For our test we have run a set of Browbeat benchmark tests showing the CPU activity for different cores. The following graph displays the activity for a host/Ceph CPU core (Core 0) during one of the tests:

Screen Shot 2017-09-29 at 10.18.42 am

The green line indicates the system processes and the yellow line indicates the user processes. Notice that the CPU core activity peaks during the beginning and end of the test, which is when the disks for the instances were created and deleted respectively. Also notice the CPU core activity is fairly low as a percentage.

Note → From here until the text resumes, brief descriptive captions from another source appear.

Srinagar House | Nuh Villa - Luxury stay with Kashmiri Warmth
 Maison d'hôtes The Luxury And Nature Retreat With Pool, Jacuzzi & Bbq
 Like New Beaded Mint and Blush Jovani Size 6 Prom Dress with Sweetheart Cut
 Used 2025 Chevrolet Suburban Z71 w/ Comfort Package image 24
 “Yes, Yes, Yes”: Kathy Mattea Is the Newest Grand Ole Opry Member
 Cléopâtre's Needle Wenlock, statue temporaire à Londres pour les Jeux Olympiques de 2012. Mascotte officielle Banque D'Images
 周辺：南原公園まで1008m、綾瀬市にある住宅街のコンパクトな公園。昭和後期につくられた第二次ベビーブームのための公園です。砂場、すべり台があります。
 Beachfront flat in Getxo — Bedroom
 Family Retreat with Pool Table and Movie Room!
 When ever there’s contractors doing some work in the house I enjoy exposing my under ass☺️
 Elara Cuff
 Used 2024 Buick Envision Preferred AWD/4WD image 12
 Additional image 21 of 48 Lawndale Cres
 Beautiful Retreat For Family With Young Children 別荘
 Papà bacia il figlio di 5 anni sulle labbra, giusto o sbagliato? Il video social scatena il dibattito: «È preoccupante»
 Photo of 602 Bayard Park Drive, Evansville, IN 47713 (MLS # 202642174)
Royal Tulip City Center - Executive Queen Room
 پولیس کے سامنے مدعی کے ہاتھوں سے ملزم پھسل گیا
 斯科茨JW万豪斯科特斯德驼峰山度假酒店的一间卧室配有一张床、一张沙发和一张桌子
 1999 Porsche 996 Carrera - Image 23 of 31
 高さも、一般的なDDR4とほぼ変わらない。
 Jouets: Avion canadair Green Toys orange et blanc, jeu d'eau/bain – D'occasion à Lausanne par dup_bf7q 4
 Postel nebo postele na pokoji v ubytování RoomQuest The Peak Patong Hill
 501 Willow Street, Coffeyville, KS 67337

The other available host/Ceph CPU core (Core 8) follows a similar pattern:

Screen Shot 2017-09-29 at 10.19.43 am

The peak activity for this CPU core occurs during instance creation and during three periods of high instance activity (the Browbeat tests). Also notice the activity percentages are significantly higher than the activity on Core 0.

Finally, the following is an unused CPU core (Core 2) during the same test:

Screen Shot 2017-09-29 at 10.21.06 am

As expected, the unused CPU core shows no activity during the test. However, if we create more instances and exceed the ratio of allowable instances on Core 1, then these instances would use another CPU core, such as Core 2.

These graphs indicate our resource isolation configuration works and the Ceph services will not overlap with our Compute services, and vice versa.

Conclusion

Co-locating storage on compute nodes provides a simple method to consolidate storage and compute resources. This can help when you want to maximize the hardware of each node and consolidate your overcloud. By adding tuning and resource isolation you can allocate dedicated resources to both storage and compute services, preventing both from starving each other of CPU and memory. And by doing this via Red Hat OpenStack Platform director and Red Hat Ceph Storage, you have a solution that is easy to deploy and maintain!